How to trace a Python application with eBPF/BCC
March 12, 2020
Intro
A couple of weeks ago, a friend of mine, who is developing a Python application that performs data transformation, wanted a way to know at what step of the data pipeline, a particular task/process is.
I am aware that this challenge might have different solutions, and it heavily depends on the use case, but I wanted something more than the usual workaround. Some workarounds that immediately pop up in our mind might be:
- Update an external endpoint every time the application enters a new function.
- Dump logs for each transaction and interprets them.
- Make all the connections of the micro-services passing through a proxy which can keep of every single process.
These “solutions” didn’t seem the best fit for me, they all require to edit the code at least a little bit, and the third one is only feasible if the codebase is running into a particular infrastructure and if it’s architected as a micro-services application. I wanted something that doesn’t require editing a single line of code. The answer? eBPF + BCC!
Tutorial (25 mins ~):
Let’s get to today’s topic: How to profile/trace a Python application without editing the codebase.
Requirements
- A GCP Account, if you don’t have an account, you can register here, and you will get 300USD as free credits.
- Git installed.
- Terraform 0.12.* installed in your machine (If you don’t have it, you can download it from here)
- I also suggest a general understanding of Terraform and eBPF. However, it is not essential. More information about eBPF can be found here: eBPF intro & eBPF verifier
Tutorial description
We will provision a Google Compute instance (CentOS 8) via Terraform, install BCC, and run bcc/uflow to trace/profile a pre-created Python application.
The application generates some fake analytics for an Instagram user.

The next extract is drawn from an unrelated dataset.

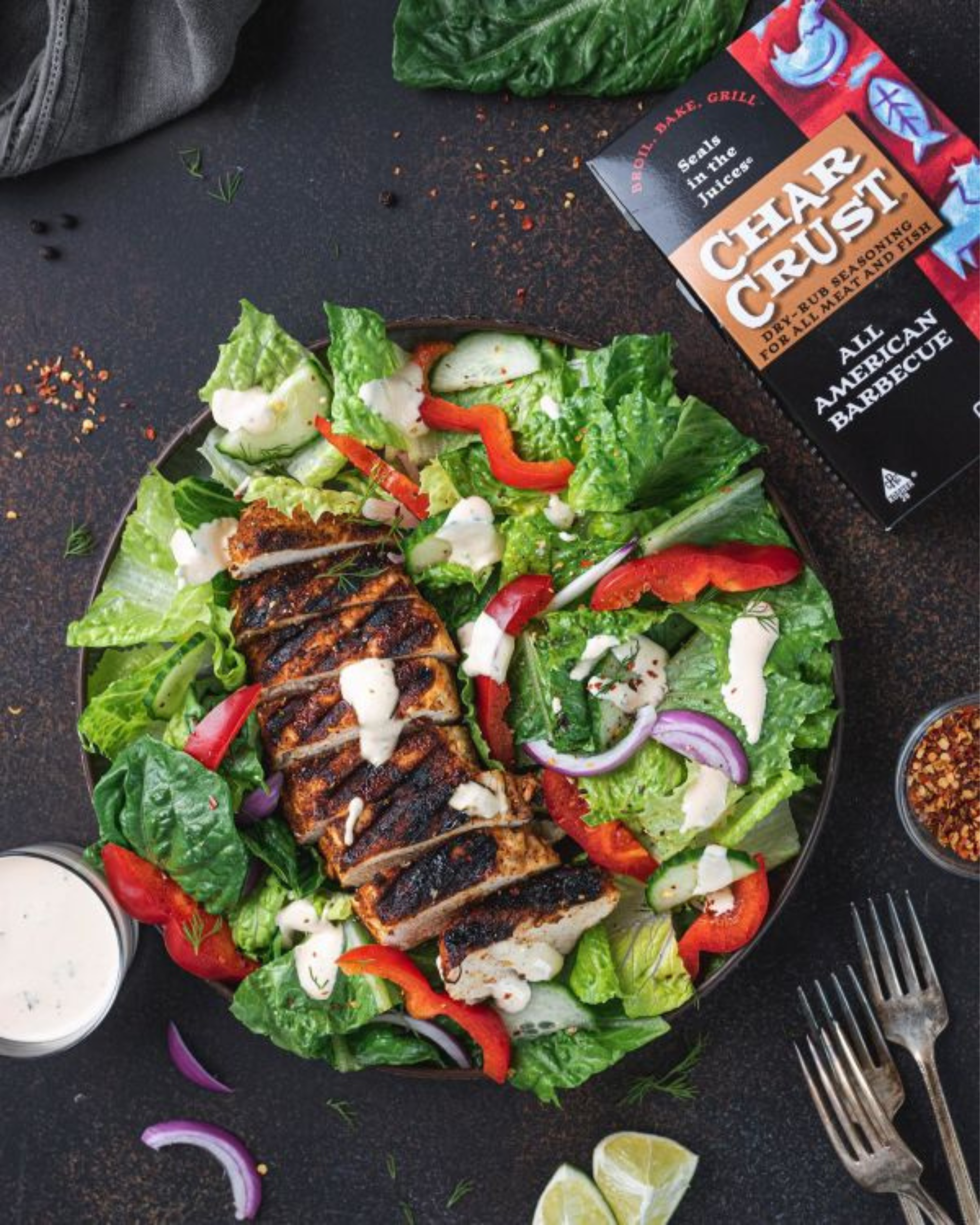 Char Crust® All American Barbecue on chicken placed in a salad. Char Crust is used as a chicken rub in this picture.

It performs login, retrieve likes/followers, aggregate and return them.
Our tracing will let us know at which point of the code path the process is.
Create the infrastructure
First of all, we need to create our CentOS 8 box on Google Cloud Platform (GCP).
To do that, I have prepared a simple terraform configuration.
NOTE: To run Terraform on GCP, you will need a service
account and the related key-file.
You can find more information here:
https://cloud.google.com/iam/docs/creating-managing-service-accounts
https://www.terraform.io/docs/providers/google/index.html
So let’s download the terraform code I’ve prepared:
git clone https://github.com/ish-xyz/ish-ar.io-tutorials
cd ./ish-ar.io-tutorials/tutorial-bcc-python3-profiler
Inside the folder tutorial-bcc-python3-profiler
, you will find the following structure:
.
├── app
│ └── app.py
├── main.tf
├── provider.tf
└── templates
└── bootstrap.sh.tpl
Create the CentOS instance:
vi keyfile.json # Insert the GCP key-file here to set up the authentication
terraform init
terraform plan # NOTE: You should see 0 destroy, if not check your infrastructure
terraform apply -auto-approve
After the terraform execution, we should have an output similar to:
ssh -i demo-key.pub demo-user@{server_ip}
We can also run terraform output
to view the connection string.
Install BCC and other required packages
Now that we have our new brand instance on Google Cloud Platform, we need to install BCC and the required tools.
As I have mentioned, BCC is based on eBPF. If you are using your own box, you may want to check hereif your instance/kernel has the correct version/architecture.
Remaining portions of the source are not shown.